Für PBP muss man sich in sog. Brevets qualifizieren, das sind Langstreckenfahrten, die im Kalenderhalbjahr vor dem großen Ereignis absolviert werden müssen: 200, 300, 400 und 600 km. Allein danach kann man sich schon Super-Randonneur nennen. Ich habe dies in Bern/Schweiz gemacht. Quali-Week im Mai: 200, 300 und 400 km sowie zum zweiten Mal den Radmarathon Bern-Bodensee-Bern (gleichzeitig einziges westeuropäisches Quali-Rennen für das RAAM).

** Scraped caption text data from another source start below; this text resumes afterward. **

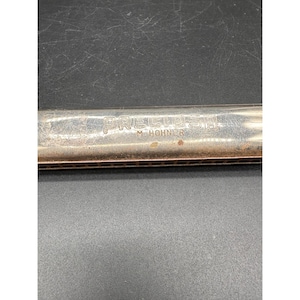 May include: A silver-toned harmonica with the word "PRECIOSA" and "M. HOHNER" engraved on the top. The harmonica has a rectangular shape with multiple holes and a metallic finish. The instrument is likely used for playing music.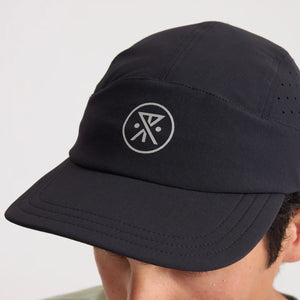 Roark Alta Elite Run Hat Strapback Hat in Black with a logo worn by a person on a light gray background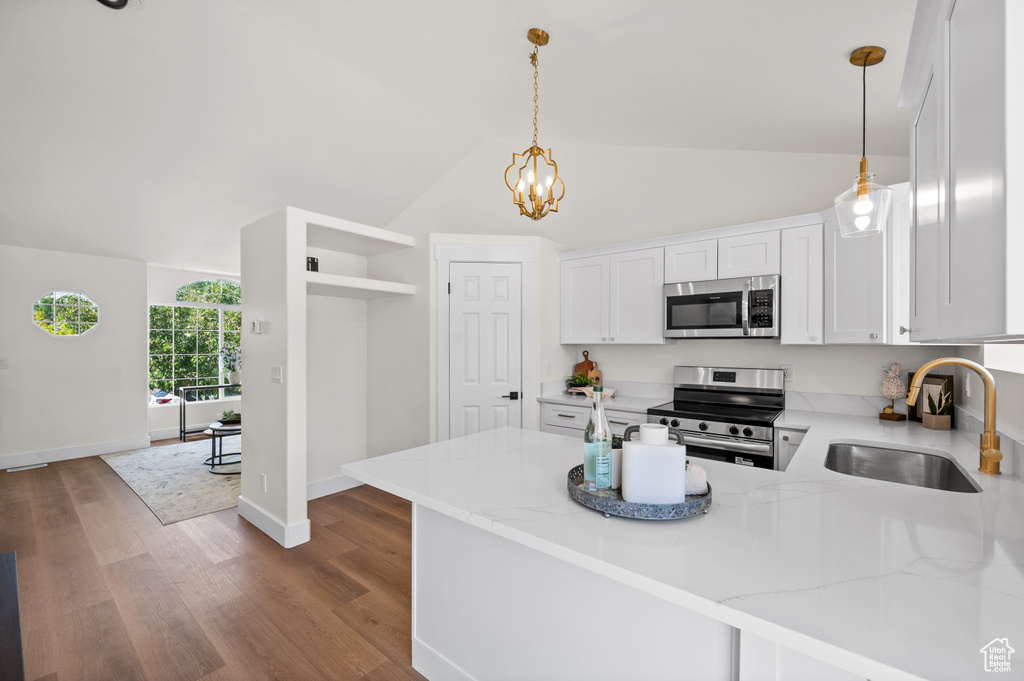 Kitchen with appliances with stainless steel finishes, a sink, white cabinets, a peninsula, and light stone counters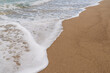 Sandy beach with small waves background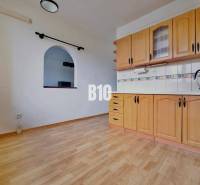 Kuchyně ve 3-pokojovém bytě s podlahou s dřevěným dekorem a vestavěnými skříňkami.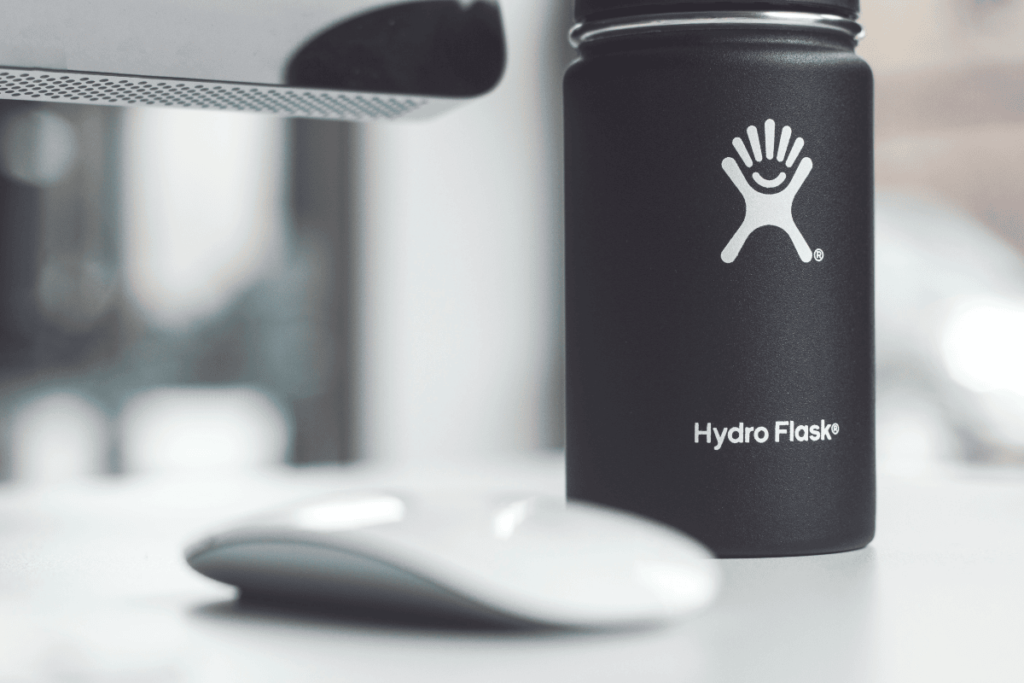 A photo of a black hydro flask next to a computer mouse. Very stylish photography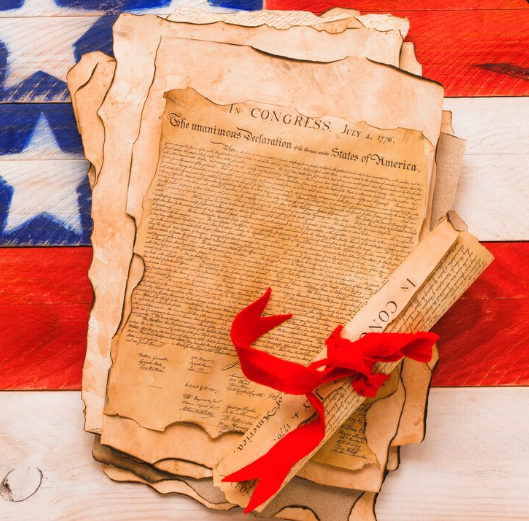us declaration of indepence in front of us flag
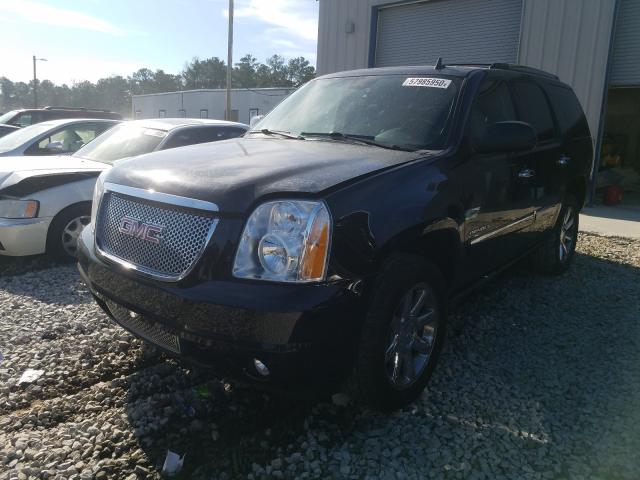 2012 Black GMC Yukon Denali - front left view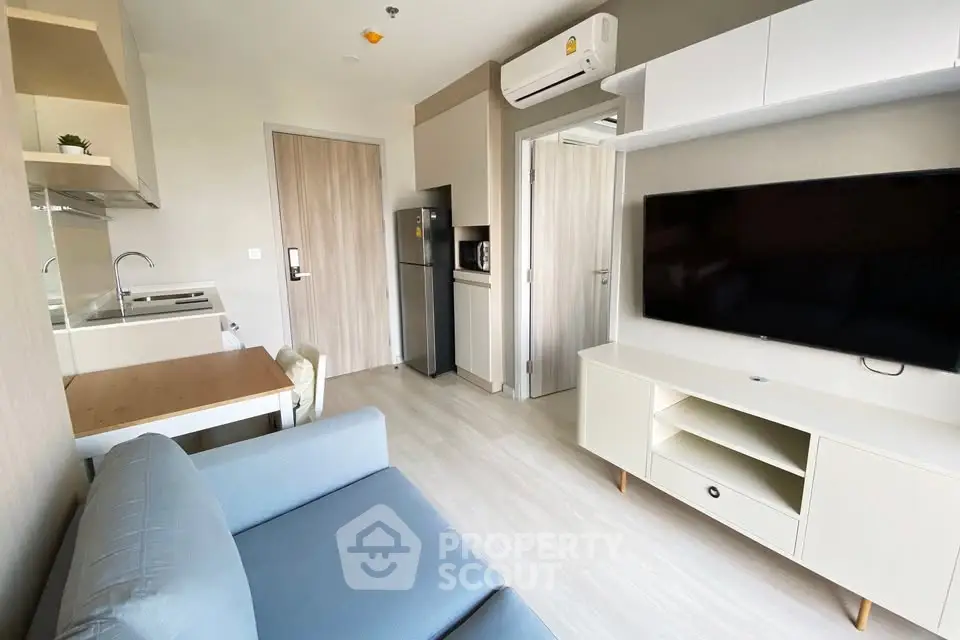 Modern living room with sleek furniture and integrated kitchen in compact apartment.
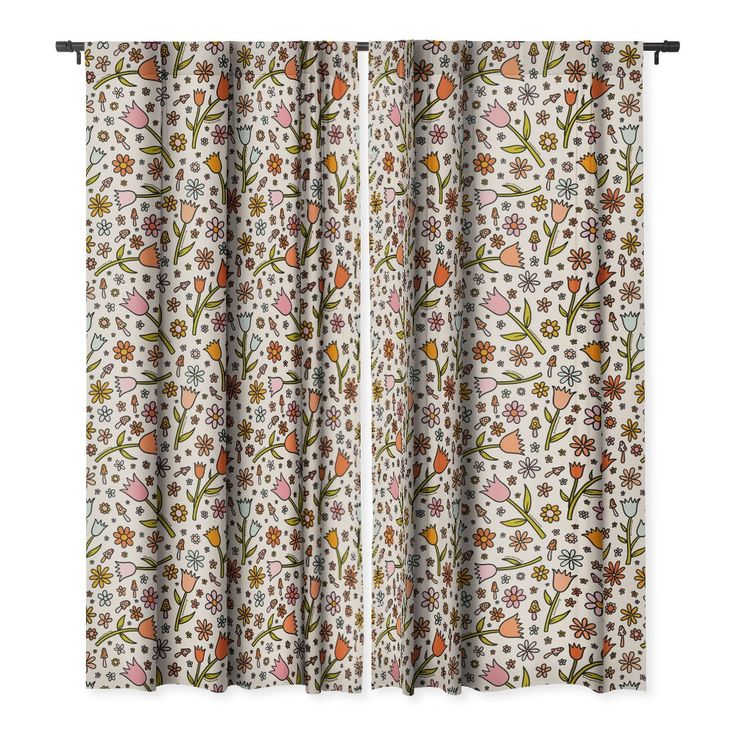 an open window curtain with flowers and leaves on it, in front of a white background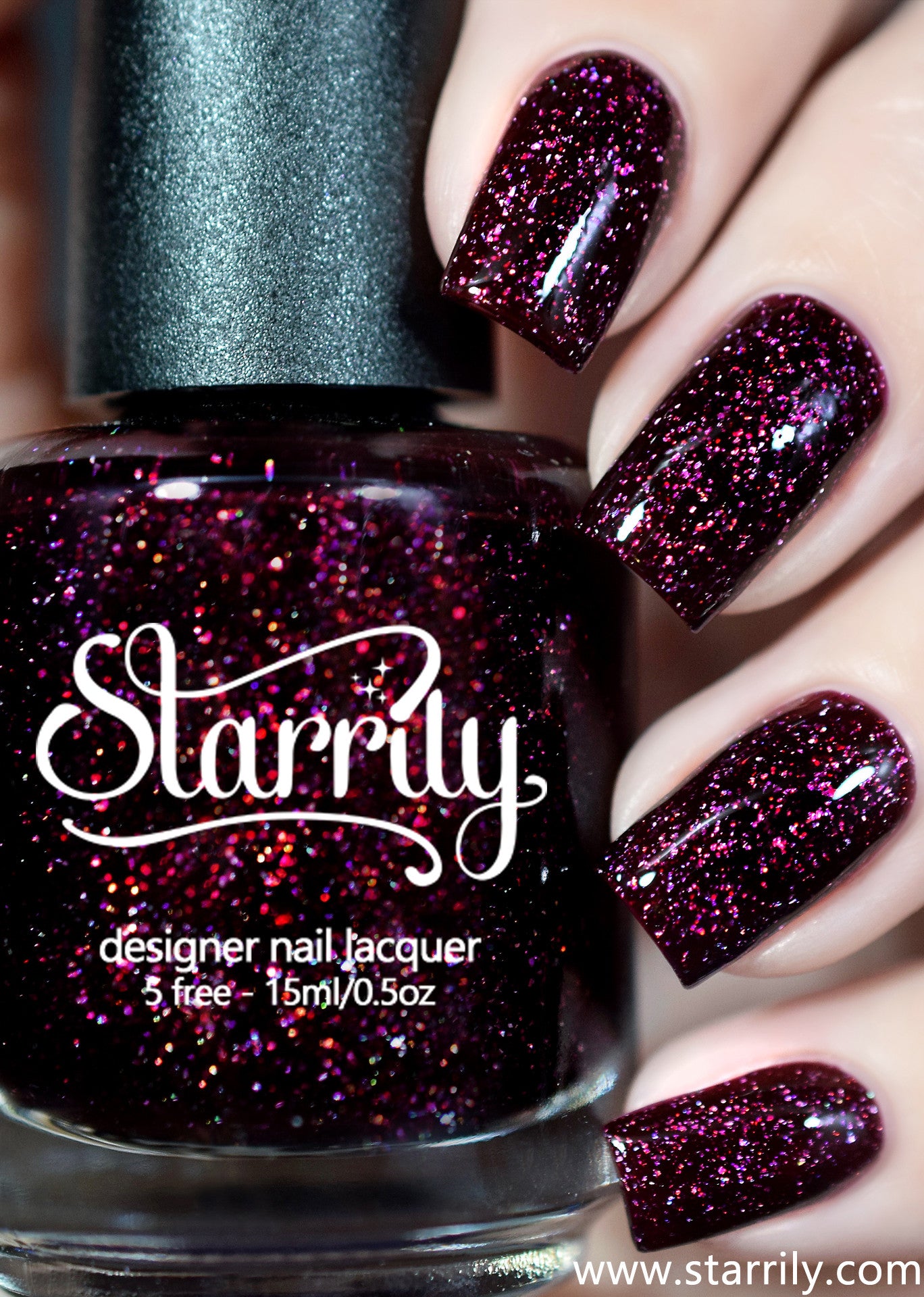 Oxytocin is a beautiful dark red maroon nail polish with holographic flakes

„Bei den Brevets man man auch solche Erfahrungen, die einem schließlich bei PBP zugute kommen: Nachtfahrten, Kälte, Daueregen usw. Bei Bern-Bodensee-Bern hat es sowohl 2002 als auch in diesem Jahr unentwegt und nachts war es noch saukalt, man lernt, damit – auch mental – umzugehen.“

Was sind die besonderen Herausforderungen / Schwierigkeiten bei so langen Touren:

  • Natürlich die ausreichende Grundlagenausdauer
  • Ein gut trainierter Fettstoffwechsel, weil man so viele Kalorien (ca. 8000 kcal pro Tag) nicht über die normale Nahrung aufnehmen kann, ohne Verdauungsprobleme zu bekommen (viele haben solche und Magenprobleme).
  • Müdigkeit und Schlafentzug (JS hat ab der 2. Nacht jeweils an den Kontrollstellen max. 1 Std. geschlafen, viele fahren durch und schlafen 2 x 6 Stunden, viele liegen einfach am Straßenrand und pennen), manche haben Halluzinationen, Sekundenschlaf auf dem Rad usw... Spätestens ab der dritten Nacht sieht man überall Teilnehmer schlafen: in den Essräumen auf, neben und unter den Tischen, in den Fluren, draussen in Alufolie sog. Rettungsdecken gewickelt, am Straßenrand, auf Bänken...)
  • Die mentalen Aspekte (Durchhalten...) Man „lebt“ von Kontrollstation zu Kontrollstation, durch die schlaflosen Nächste lösen sich „gestern“ „heute“ und „morgen“ zu einem einzigen Zeitabschnitt auf, Einteilungen der Zeitachse ergeben sich nur durch den kurzen Aufenthalt an den Kontroll- und Verpflegungsstationen“
  • Schmerzen ertragen (JS hat sich 250 km vor dem Ende eine Sehenscheiden-Entzündung an der Schienbeinsehe zugezogen, typische Probleme sind auch: wunder Hintern, Nacken, Knie, Achillessehne usw.)
  • Das Material (Rad, Beleuchtung, Gepäck) muss wohldurchdacht ausgesucht werden, da „unsupported“ Fahrer keine Möglichkeit haben, zwischendurch etwas auszutauschen.
  • Einteilen der Kräfte: viele, die das Rennen zu scharf angehen, mussten aufgeben. Für einen Randonneur (der „Ehrenkodex“) ist das Ankommen im Zeitlimit aber viel wichtiger als das Herausfahren einer schnellen Zeit.Das schlimmste, was einem Randonneur passieren kann, ist die die Aufgabe (einzige Ausnahme: Verletzungen, die zu Dauerschäden führen können oder Materialverlust).

Fazit:

Alles in allem ein wirkliches „Event“ – welches man sicherlich nie vergessen wird. Irgendjemand im Web hatte mal geschrieben, wer ankommt, ist nicht mehr derselbe wie vorher –da ist vielleicht was dran.

Und die Zukunft:

Vielleicht nächstes Jahr Rocky Mountain 1200 km, eine ähnliche Veranstaltung von den kanadischen Randonneuren in British Columbia. Eine faszinierende Landschaft, 4 große Bergetappen mit bis zu 2000 m Höhe im Bärengebiet. Und auf jeden Fall PBP 2007.